In short, her stance is that if you're basically an ok swimmer, your body position is probably good enough for government work and you should stop obsessing over it and spending your life elongating your stroke (i.e., she hates TI, over gliding, etc). Her whole thing is getting you to do the catch and pull the way she wants (high elbow etc), and doing a lot of things that build strength in this somewhat unusual/awkward position. Her book is a quick read and she posts a few workouts on line, and you can buy another fairly inexpensive book that gives a total of 50 of them. the tacit implication is that body position will also improve if needed once you have the arm thing down right.
I did the 2nd wko on Wednesday, and it was easily 50% "drill", but I'm telling you it kicked my butt. NOTHING like a normal drill set like I've usually thought of it. I was doing one-arm swimming holding a kickboard with the other (rotten body position, but forces your work arm to do what it's supposed to), "tarzan" drill (swimming with your head completely out of the water looking straight forward...ditto about body position and arms), etc. Last set was alternating 100s as 50 Tarzan/50 swim, 100 pull with buoy. i would never have thought of this, but it was a very interesting combination of making you work your arms off and then making it feel right when your body position was right again with the PB. She advocates a bit of stretch cords and/or pressing out of the pool for strength as well.

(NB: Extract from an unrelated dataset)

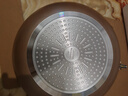 美的（Midea）不粘锅炒锅 不粘多功能家用炒菜锅煎锅电磁炉炒锅燃气灶通用 实拍图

Anyway, I have no idea what the results will be, but I've decided to give it a try based on a week of playing with it and the fact that it makes me feel different than I have been for quite a while...and it's clear I needed to shake things up a bit to make any progress.
DON’T ……
1. Breathe every 3rd stroke or higher.
2. Hold your breath before expulsion.
3. Breathe through your nose.
4. Take short, shallow breaths.
5. Linger while taking a breath.
6. Focus on front quadrant or catch-up style swimming.
7. Over rotate with hips.
8. Have low strokes rates.
9. Glide.
10. Be “loose” in the water.
11. Be a “scrunchy” swimmer. ie. look like a fetus.
12. Have a BIG focus on Distance Per Stroke (DPS).
13. Focus on least strokes across the pool.
14. Cup your hands.
15. “Salute” by placing your hand close to your forehead at entry.
16. Swim with straight arms under water.
17. Have your hands cross your mid-line underwater.
18. Have your hands enter of pull outside your shoulder line.
19. Have your elbow BELOW your wrist/hand underwater.
20. Pet the “kitty” underwater, ie. Don’t have a floppy, gentle or loose hand underwater.
21. Do the “S” stroke.
22. Cut your stroke short at the finish.
23. Do most pool swimming drills.
24. Do Sculling.
25. Focus on kicking harder.
26. Ignore using an ankle strap or swim snorkel.
27. Think working on technique solves it all.